The Black-capped Petrel Working Group (2011, p. 18) notes that projections for climate change, particularly regionally, are accompanied by substantial uncertainty. “The Gulf Stream and its associated water masses in the western North Atlantic are key foraging areas for the black-capped petrel, and effects in that system (e.g., stoppage or reversal) would likely significantly impact the species” (Black-capped Petrel Working Group 2011, p. 18). However, there is currently little evidence of these effects, nor information that these effects may be specifically impacting the black-capped petrel; therefore, the risk associated with them for the petrel is low (Black-capped Petrel Working Group 2011, p. 18).

The Black-capped Petrel Working Group noted that, “although they are likely long-lived (≥40 years), high adult survival rates are likely critical to balance strong limits that low reproductive rate and limited nest site availability exert on population growth and expansion.” Therefore, it is likely that the ecology of this species may exacerbate other threats.

In summary, we find that the information provided in the petition, as well as other information in our files, presents substantial scientific or commercial information indicating that the petitioned action may be warranted due to the presence of telecommunication infrastructure, local consumption of black-capped petrels, the impacts of fires and artificial light sources, pollution and heavy metals, slow recruitment, and the impacts of structures associated with oil rigs. We do not find substantial scientific or commercial information in the petition or in our files that the petitioned action may be warranted due to the impacts of climate change.

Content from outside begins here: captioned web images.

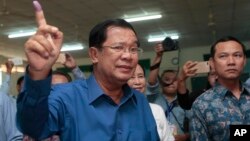 Cambodian Prime Minister Hun Sen of the Cambodian People's Party shows off his inked finger after voting in local elections at Takhmau polling station in Kandal province, southeast of Phnom Penh, Cambodia, Sunday, June 4, 2017. (AP Photo/Heng Sinith)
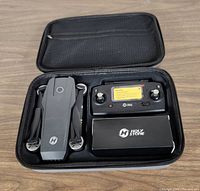 Open case showing folded Holy Stone HS720 drone and 2.4GHz remote control inside with accessory box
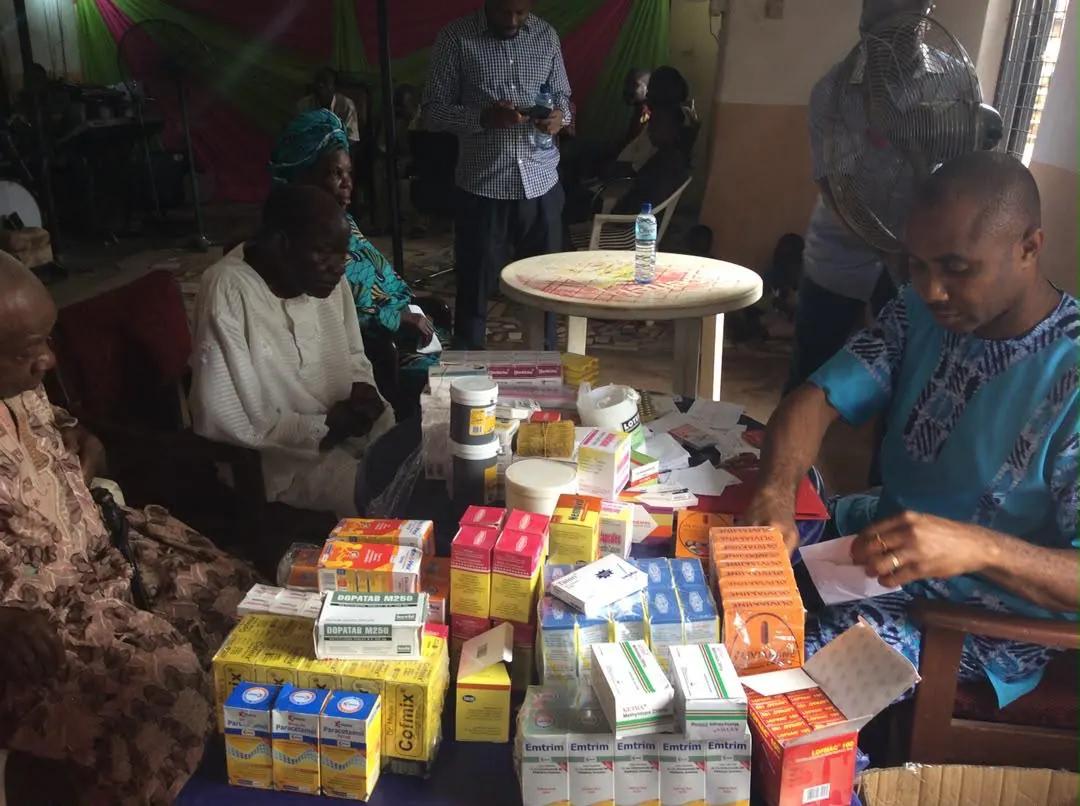 A volunteer dispenses medicines at a table while an elderly woman is attended to.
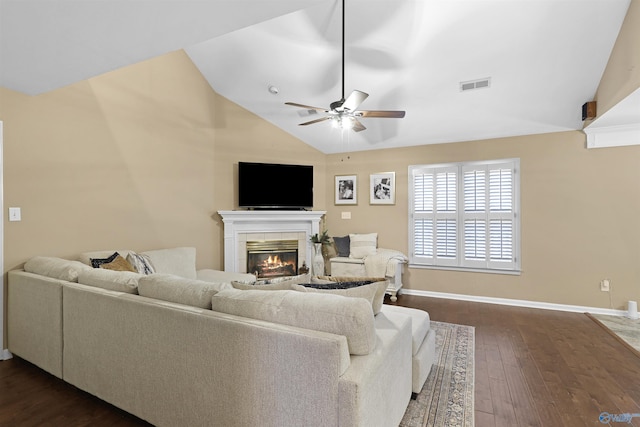 living area featuring visible vents, a ceiling fan, lofted ceiling, dark wood-style flooring, and a tile fireplace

However, we will further investigate this in our 12-month finding.

Finding

On the basis of our evaluation of the petition and other readily available data under section 4(b)(3)(A) of the Act, we find that the petition presents substantial scientific or commercial information indicating that listing the black-capped petrel throughout its entire range may be warranted. This finding is based on information provided under factors A, C, and E. We find that the information provided under factors B and D are not substantial.

Because we have found that the petition presents substantial information indicating that listing the black-capped petrel may be warranted, we are initiating a status review to determine whether listing the black-capped petrel under the Act is warranted.

The “substantial information” standard for a 90-day finding differs from the Act's “best scientific and commercial data” standard that applies to a status review to determine whether a petitioned action is warranted. A 90-day finding does not constitute a status review under the Act. In a 12-month finding, we will determine whether a petitioned action is warranted after we have completed a thorough status review of the species, which is conducted following a substantial 90-day finding. Because the Act's standards for 90-day and 12-month findings are different, as described above, a substantial 90-day finding does not mean that the 12-month finding will result in a warranted finding.

References Cited

A complete list of references cited is available on the Internet at http://www.regulations.gov and upon request from the Caribbean Ecological Services Field Office (see FOR FURTHER INFORMATION CONTACT).

Authors

The primary authors of this notice are the staff members of the Caribbean Ecological Services Field Office.

Authority

The authority for this action is the Endangered Species Act of 1973, as amended (16 U.S.C. 1531 et seq.).

Dated: June 7, 2012.

Daniel M. Ashe,

Director, U.S. Fish and Wildlife Service.